Try it:
Print the whole listing again exactly as it stands, leaving out any images.

Information provided:
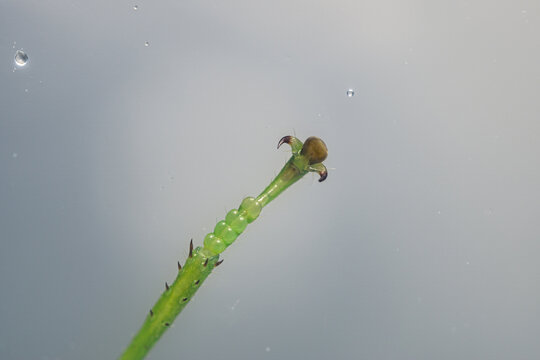 昆虫脚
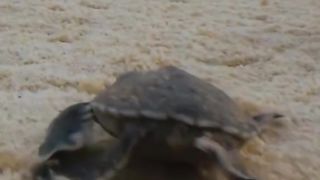 Turtle chicks become food for shorebirds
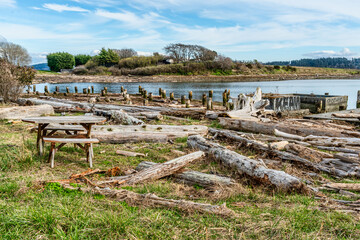 Windjammer Park Landscape 2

Exercise answer:
 昆虫脚
 Turtle chicks become food for shorebirds
 Windjammer Park Landscape 2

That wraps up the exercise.